Josué Gomes da Silva, presidente e principal acionista da Coteminas, acompanha de perto as oscilações do mercado de algodão. “Nossa empresa é um dos maiores compradores individuais desse produto no Brasil. Adquirimos cerca de 120 mil toneladas todos os anos”, disse ele à DINHEIRO. Para financiar essas aquisições, Gomes da Silva recorria, até o primeiro semestre, às fontes tradicionais de financiamento, em sua maioria empréstimos bancários. No entanto, no início de junho, a Coteminas passou a se servir de uma nova fonte de recursos, os Certificados de Recebíveis do Agronegócio, título de renda fixa conhecido por sua abreviação CRA.

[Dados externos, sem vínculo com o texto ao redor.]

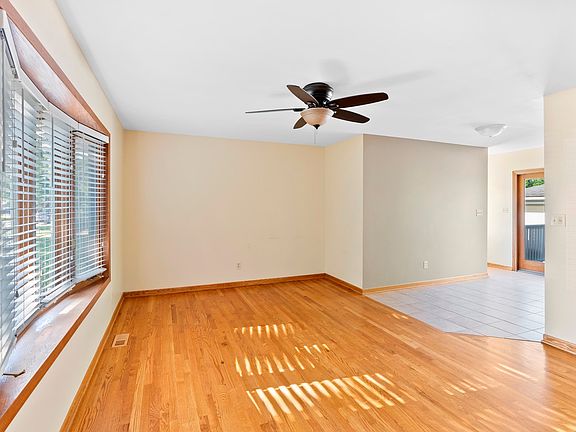 2nd image of 1611 Lucylle Ave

Tradicionalmente ligado a produtores rurais ou a bancos que financiam as atividades agrárias, esse título começa a cair no gosto das indústrias, o que pode fazer esse mercado dobrar de tamanho antes do fim do ano. “É essencial contarmos com várias fontes de financiamento”, diz o presidente da Coteminas. O nome complicado do CRA mascara uma estrutura financeira simples, que permite a empresários do setor agrícola antecipar o recebimento de recursos de sua atividade. Um produtor de café, por exemplo, pode vender sua safra ainda não colhida para uma beneficiadora, que se compromete a pagar quando o grão for entregue.

Enquanto essa data não chega, o fazendeiro pode antecipar os recursos usando os contratos de venda como garantia do CRA, que é comprado por um investidor. Uma evolução do tradicional desconto de títulos a prazo, o CRA permite enfeixar papéis com diversos valores, prazos e remunerações, transformando-os em um título financeiro facilmente negociável no mercado. A vantagem para a empresa que emite esses papéis é que seu custo financeiro é inferior ao dos empréstimos bancários tradicionais. Para o investidor que compra esses títulos, a remuneração é isenta de Imposto de Renda, embora eventuais ganhos de capital sejam tributados.

No caso da Coteminas, a estrutura foi um pouco mais complexa. A empresa emitiu debêntures simples, garantidas por imóveis, e essas debêntures serviram de lastro para os CRA. Os títulos têm prazo de três anos, vencem em junho de 2017, e pagam uma remuneração equivalente a 110% dos juros de mercado medidos pelo CDI, o que representa pouco mais de 12,1% ao ano. “Foi uma alternativa barata e vantajosa”, diz Gomes da Silva. Outras empresas estão seguindo o mesmo caminho. No fim de agosto, a Raízen iniciou o processo de captação de cerca de R$ 500 milhões em CRA, ainda sem prazo nem remuneração definidas.

“Há outras operações em preparação”, diz Julian Hester, diretor de renda fixa do Banco Fator, bastante ativo nesse mercado. “Muitas empresas não conheciam ou não acreditavam no produto, mas, ao perceberem que grandes nomes estão emitindo CRA, elas começam a preparar seus próprios processos”, diz ele. “Essa alternativa entrou no radar das companhias”, diz o advogado Carlos Ferrari, sócio do escritório paulista N, F & BC Advogados. Todas as operações precisam de aprovação da Comissão de Valores Mobiliários (CVM), autarquia muito severa com quem fala demais antes da emissão.

Por isso, os participantes das empresas de securitização, os mais ativos desse mercado, relutam em declarar nomes e prazos. No entanto, pelas contas de quem conhece o setor, além dos R$ 500 milhões da Raízen, há pelo menos outros R$ 700 milhões em operações prontas, aguardando apenas a abertura das urnas e o fim da turbulência eleitoral. Uma das candidatas, dizem os especialistas, é a companhia de fertilizantes Mosaic, que estaria preparando a captação de uma cifra entre R$ 100 milhões e R$ 200 milhões. Procurada, a Mosaic não se pronunciou. Hester, do Fator, diz acreditar que a vinda desses novos participantes vai permitir a ampliação do mercado.

Regulamentados há pouco mais de oito anos, os CRA sofreram, em seus primeiros tempos, com a desconfiança dos investidores, especialmente quando os produtores rurais que os lançavam eram empresários de pequeno porte, que ofereciam maior risco de inadimplência. Agora, a vinda de nomes consagrados como Coteminas e Raízen deverá mudar isso. “Os produtores e os investidores estão se profissionalizando e há um amplo processo educacional em curso”, diz ele. “Isso vai ajudar o CRA a conquistar uma importância comparável à dos títulos lastreados por ativos imobiliários.”